McCain is anti-infrastructure a vote for him is a vote against America--literally
Addressing the U.S. Conference of Mayors, Saturday morning in Miami, Presumptive Presidential Nominee (D) Barack Obama
recalled moving to Chicago in 1985 and said much has changed since then and credited Chicago Mayor Richard Daley for the improvements.
Sen. Obama said his presidency would partner with mayors across the country when he gets to the White House because,
"there is a rebirth across the country in our cities."
He will be partnering with them to find new ways to lift their community and that they shouldn't be succeeding despite Washington but instead, with a hand from Washington.
He said partnering could help fight neglect of cities and that while John McCain is a great patriot, he won't partner with mayors to improve cities.
"(McCain) has opposed the COPS (Community Oriented Policing Services) program and other programs that cities need to improve (quality of life). The old ways of looking at our cities just won't do."

Sen. Obama talked about improving American infrastructure that currently sits at grade "D" by an engineering group.
He said McCain's gas tax holiday takes too much from the highway trust fund and gives it to the oil companies--when said fund is sitting at a deficit.
"(McCain opposed funding levies and flood control programs in the Senate," Obama said.
On contrast, Obama's plan allocates $60 billion over ten years, two million new jobs for his National Infrastructure Improvement Bank--that will funded by money that is currently being used to fund the unending war in Iraq.

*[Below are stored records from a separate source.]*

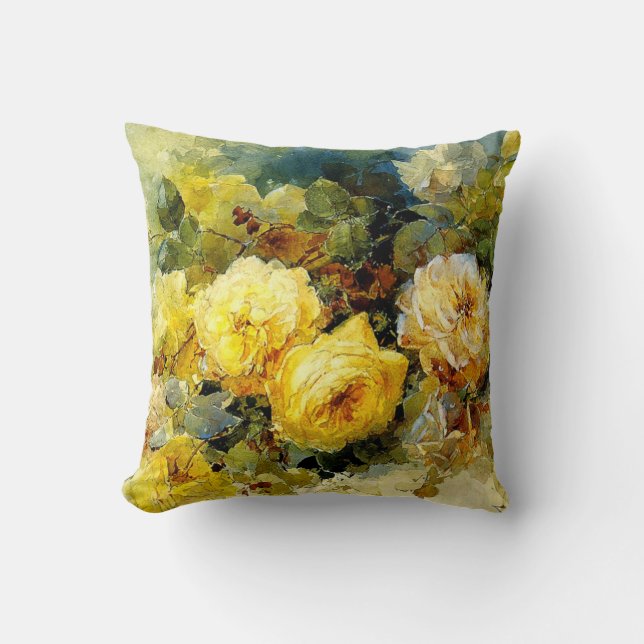 Bischoff - Roses (yellow), fine art painting, Cushion (Front)
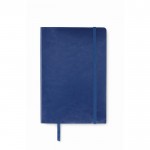 Notizbuch aus recyceltem PU mit Verschlussband, A5 farbe blau vierte Ansicht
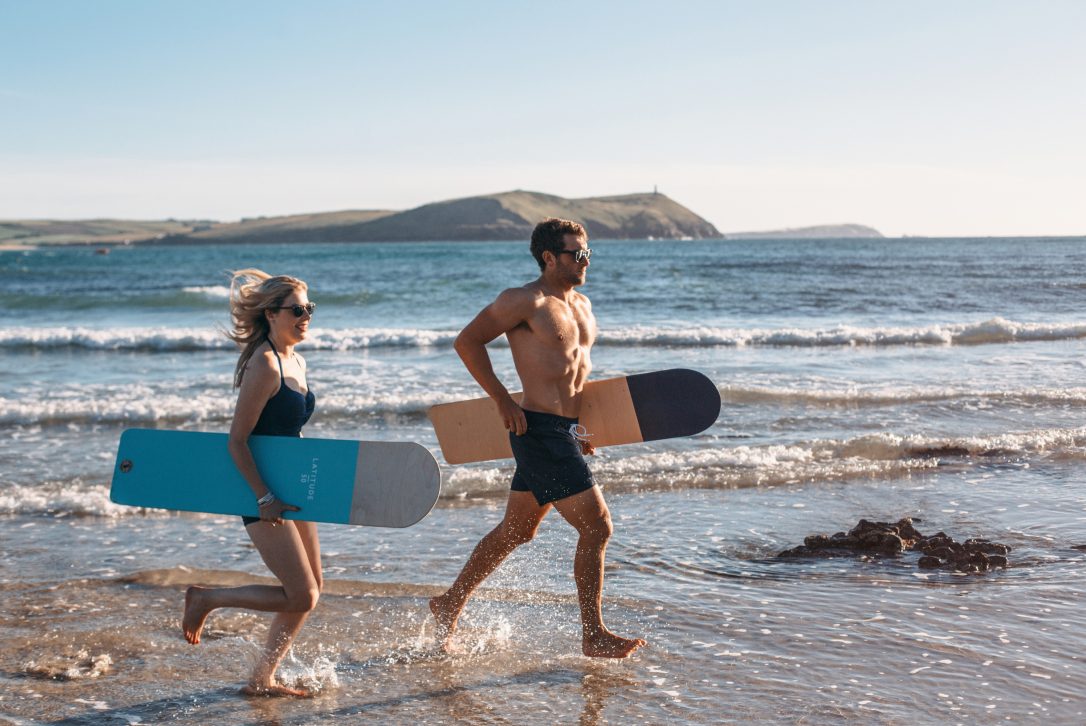 Bodyboarding at Polzeath Beach, North Cornwall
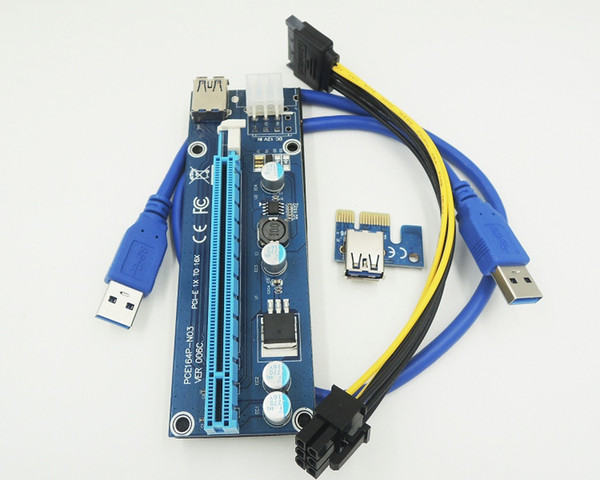 10pcs/lot PCI-E Express 1X to 16X USB 3.0 Riser Card with USB 3.0 Extender Cable Power Supply SATA 6Pin Cable 60cm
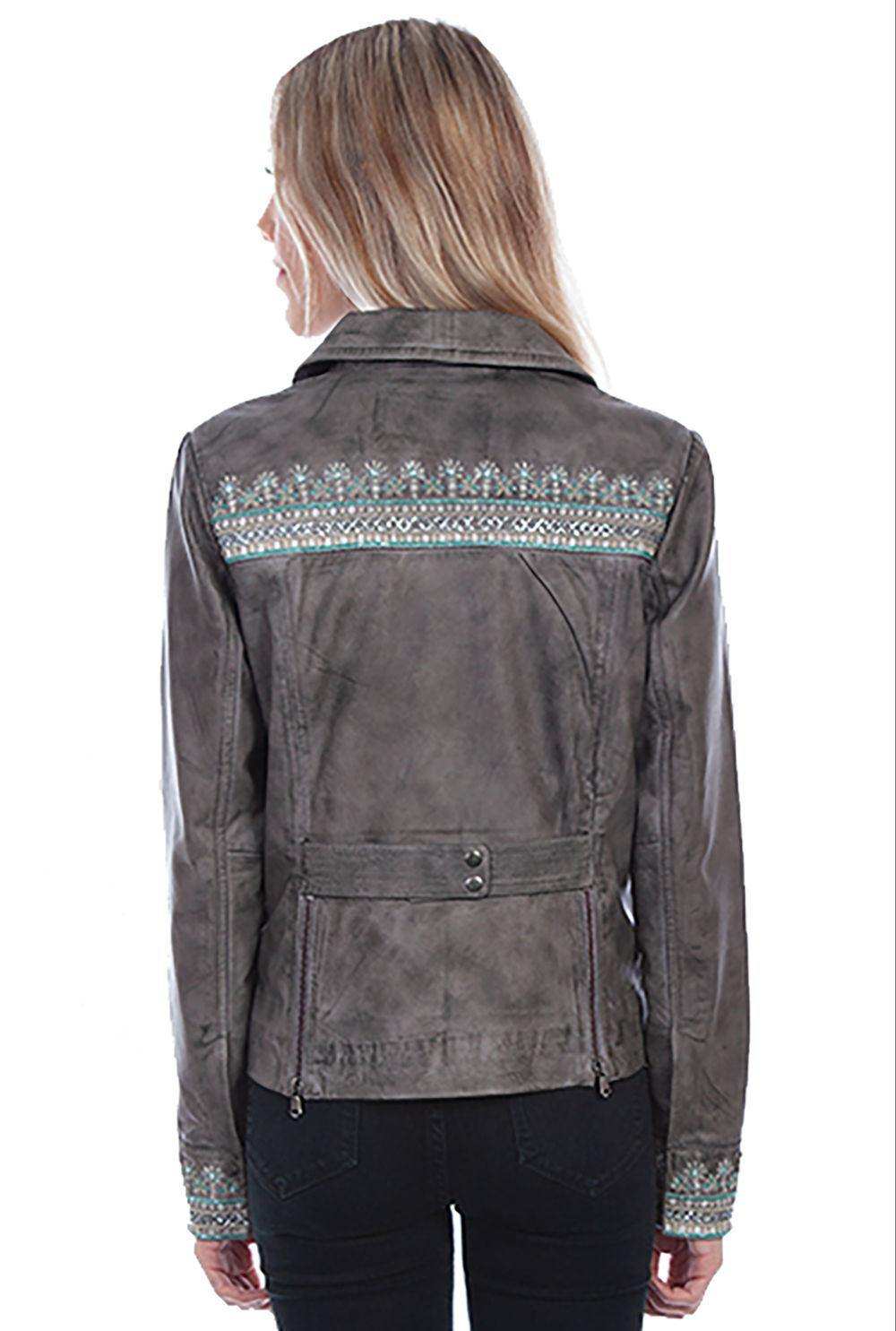 Scully Beaded Gray Womens Jacket - Scully Leather - Flyclothing LLC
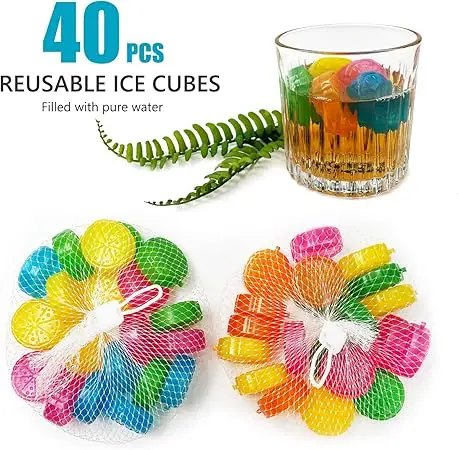 Reusable Ice Cube 40 Pcs Plastic Ice Cubes Quick-Freeze Refreezable Ice Cubes for Making Cold Drinks Lunch Bags Coolers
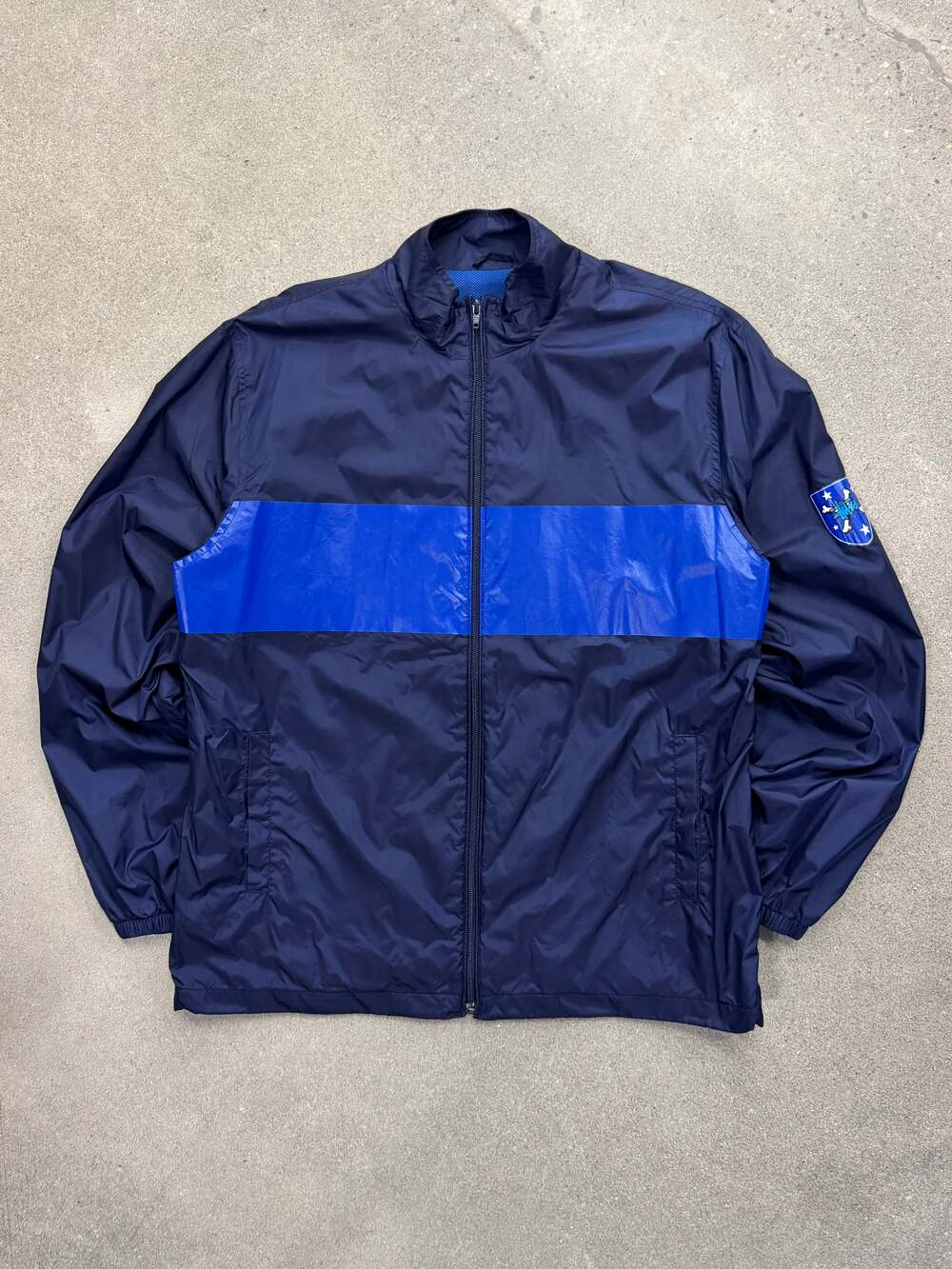 Vintage Stussy Shield Bone Patch Windbreaker Track Jacket - L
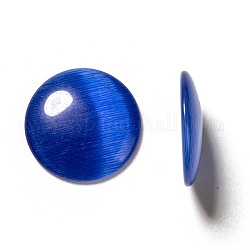 Cabochons d'œil de chat en verre, demi-rond / dôme, bleu foncé, environ 16 mm de diamètre, épaisseur de 3mm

Obama said the war, among other things, leaves local municipalities like fire and police short staffed. Many are in the National Guard and other military branches keeping our country safe.
Obama also said a national mass transit system is worth the investment.
"Investing in mass transit can help regional economies grow," Obama said, adding that his White House administration will partner in green energy technology besides ports and rail and "it will be green based."
"(I'll) invest in broadband deployment. Every American should have broadband access no matter how much money you have--that will be a priority," he said.
"Now is the time for bold action."
Sen. Obama recalled the presidencies of Thomas Jefferson and Theodore Roosevelt in re-shaping America's future infrastructure objectives.
"In 2008, it falls on us to improve American infrastructure.
It will require major investment from government and others because " government can't do it alone," he said pointing out the leadership of his mayor, Daley.
"You have some measure of astonishing leadership in over two decades...also telling the audience of mayors that his address is a homecoming.
Recalling his days as a grassroots organizer, he noticed even then what Change could accomplish.
"In this country, change comes not from the top down but the bottom up."
He said as an organizer, the mayor's office in Chicago was paramount in achieving their goals.
"It is the mayor's office, people in this country turn to every single day."
Obama said residents may not appreciate the position of mayor until they need to lean on City Hall in the face of disasters, noting the flooding in the Midwest.
"The government people depend on most is the one closest to their community."
Obama said he will focus on growing metropolises across the nation because 42 of those metropolises rank among world's largest growing economies. He said promoting strong cities as the backbone of economic growth is among his many focuses.
"I insist that the White House tackles concentrated poverty in America."
Sen. Obama's Urban Revitalization Plan concentrates on public private business incubators--which could benefit small business owners and increase their likelihood that contracts come their way.
Besides a fully funded COPS program, educational system, refunding the Community Development Block Grants, Sen. Obama outlined during his message, a program to recruit teachers to cities with incentives like higher salaries--similar to what Daley has done with the Chicago Public School system. He also has a plan of relief for struggling homeowners. Obama also promised to veto in the Senate, any bills struck against those notions.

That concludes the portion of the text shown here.